Les émetteurs de chaleur à basse température (30 à 50°C) font appel aux classiques radiateurs ou aux planchers chauffants. Ces derniers peuvent être de simples dispositifs intégrés à une dalle de béton dimensionnés pour générer en surface une température de l’ordre de 23°C. Il peut aussi s’agir de systèmes originaux de chauffage de conception française désignés sous le vocable de planchers solaires directs (PSD®) qui cumulent les fonctions de stockage d’eau chaude en journée et d’émetteurs de chaleur la nuit, évitant l’installation du ballon de stokage et de l’échangeur associé.
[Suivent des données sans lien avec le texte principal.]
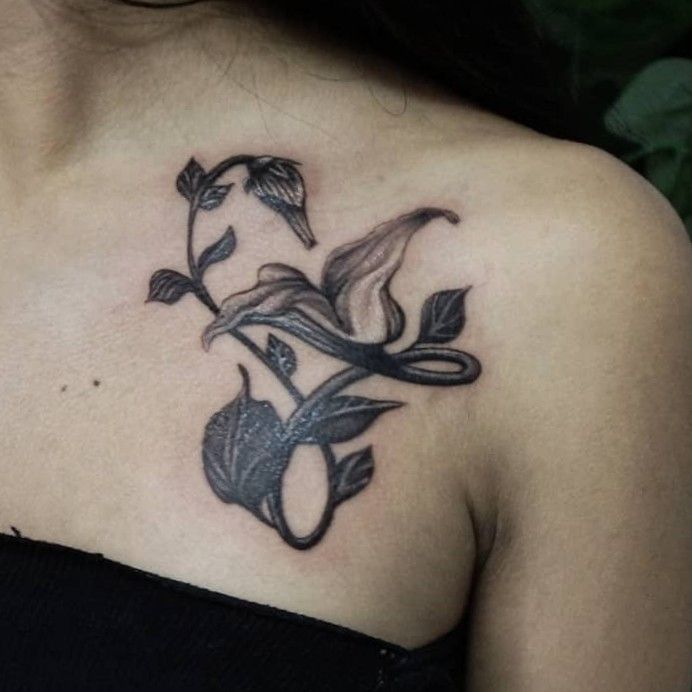 a woman with a tattoo on her chest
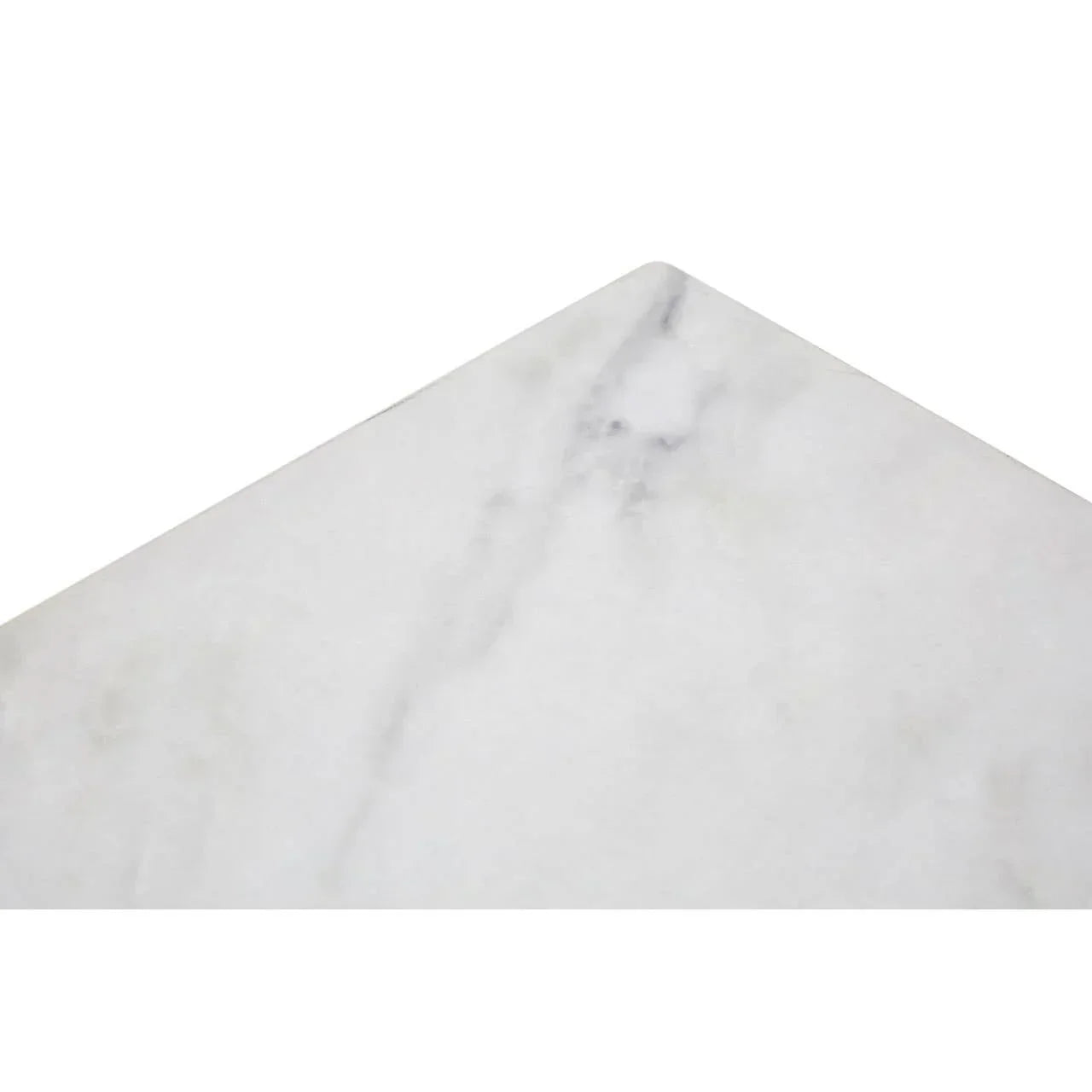 Corner detail of white marble tabletop with subtle grey veining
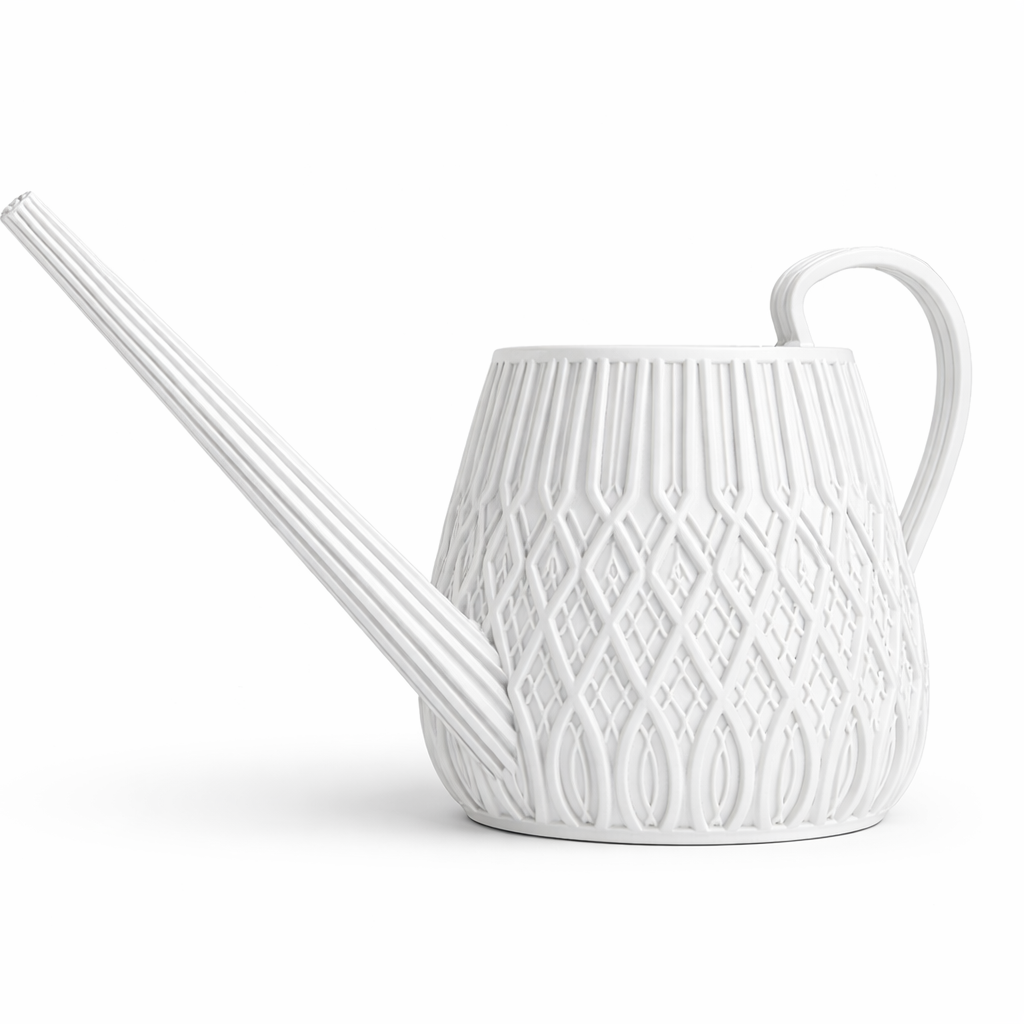 White ceramic watering can with decorative pattern on a white background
Dans nos régions, en période de manque de soleil (hiver, mauvaise saison), un système de chauffage d’appoint est nécessaire pour maintenir la température de l’eau du ballon à une valeur convenable. Ce système peut être constitué d’une résistance électrique introduite à mi-hauteur dans le ballon (cas de l’eau chaude sanitaire) ou d’une chaudière traditionnelle alimentant en eau chaude un deuxième serpentin noyé dans ce même ballon (cas du chauffage de locaux).
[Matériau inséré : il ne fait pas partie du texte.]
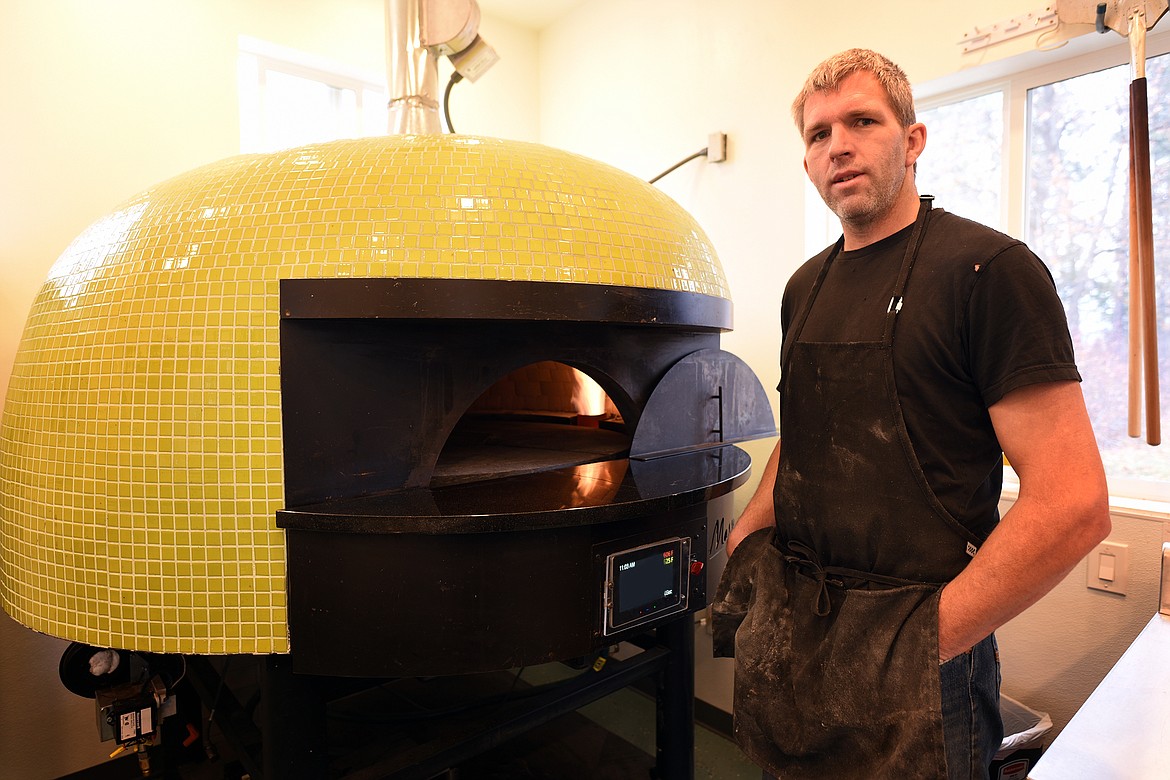 With his brick oven, Nick Erickson recently started Nickerbokker's Pizza to bring the taste of fresh-baked pizza to Evergreen and the Flathead Valley. (Jeremy Weber/Daily Inter Lake)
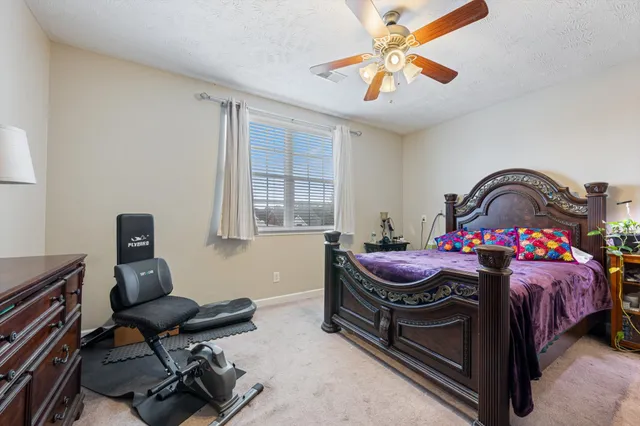 a bedroom with bed and a window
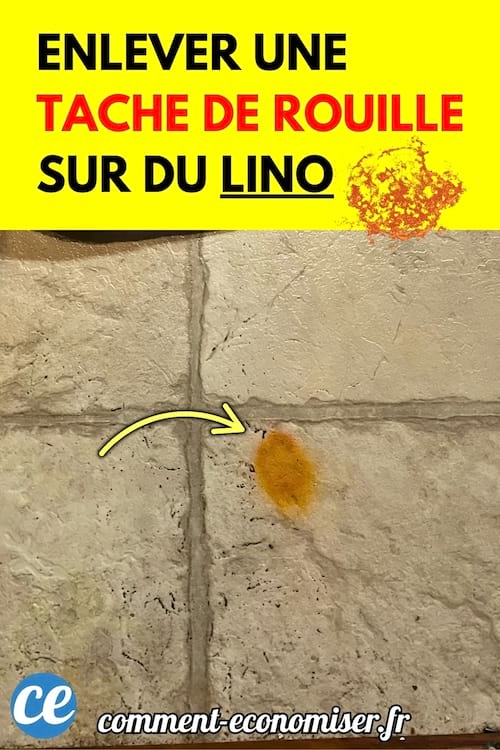 Un sol en lino beige avec une tache de rouille orange.
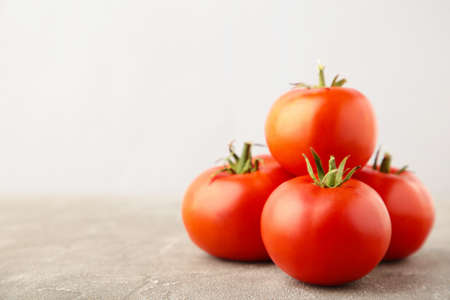 Ripe red tomatoes on a gray background. Top view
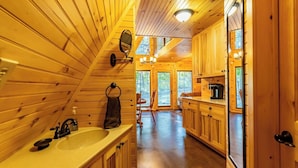 Interior de una cabaña de madera con cocina, que incluye un lavamanos, estufa y armarios.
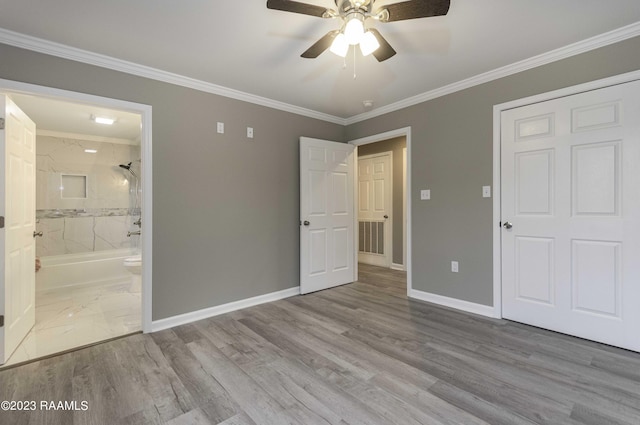 unfurnished bedroom featuring visible vents, ornamental molding, wood finished floors, connected bathroom, and baseboards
Le système de régulation assure un bon fonctionnement de l’installation en privilégiant l’énergie solaire et en modulant l’appoint d’énergie pour établir un niveau de confort thermique acceptable.
Des démarches administratives simplifiées
Les démarches administratives relatives à l’implantation de panneaux solaires sur une habitation existante de moins de 12m de hauteur (hors secteur sauvegardé), se résument à une simple déclaration de travaux en mairie (les panneaux solaires ne constituant pas de surface de plancher). Dans le cas d’ une implantation sur un bâtiment neuf il est préférable d’intégrer les capteurs solaires dans le permis de construire.
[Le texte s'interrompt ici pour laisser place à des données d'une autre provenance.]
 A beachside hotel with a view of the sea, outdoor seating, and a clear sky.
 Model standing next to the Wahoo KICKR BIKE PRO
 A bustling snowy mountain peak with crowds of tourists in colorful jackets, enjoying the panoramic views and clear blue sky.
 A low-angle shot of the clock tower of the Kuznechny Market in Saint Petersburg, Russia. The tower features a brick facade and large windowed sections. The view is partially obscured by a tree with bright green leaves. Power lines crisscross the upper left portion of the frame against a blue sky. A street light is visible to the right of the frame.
Des incitations financières
L’investissement dans une installation solaire thermique est aujourd’hui encore élevé puisque le coût d’une telle installation avoisine les 20000 euros (chaudière d’appoint incluse). A titre de comparaison une installation classique au fioul avec plancer chauffant coûte 15000 euros. Mais l’Etat et certaines collectivités territoriales proposent au titre de l’amélioration de l’efficacité énergétique des logements et plus particulièrement à l’installation de systèmes solaires combinés (SSC) des aides directes ou indirectes. Ainsi vous pouvez bénéficier sous conditions, de crédit d’impôt de 50% des dépenses, d’une TVA réduite à 5,5%, de prêts à taux réduits, d’aides de l’ANAH (Agence Nationale pour l’Amélioration de l’Habitat).
Conclusion
Produire sa propre eau chaude sanitaire et se chauffer à partir du rayonnement solaire, moyennant une énergie d’appoint pour les jours sans soleil, est aujourd’hui à la portée de toute personne concernée par les énergies renouvelables et consciente des problèmes environnementaux actuels.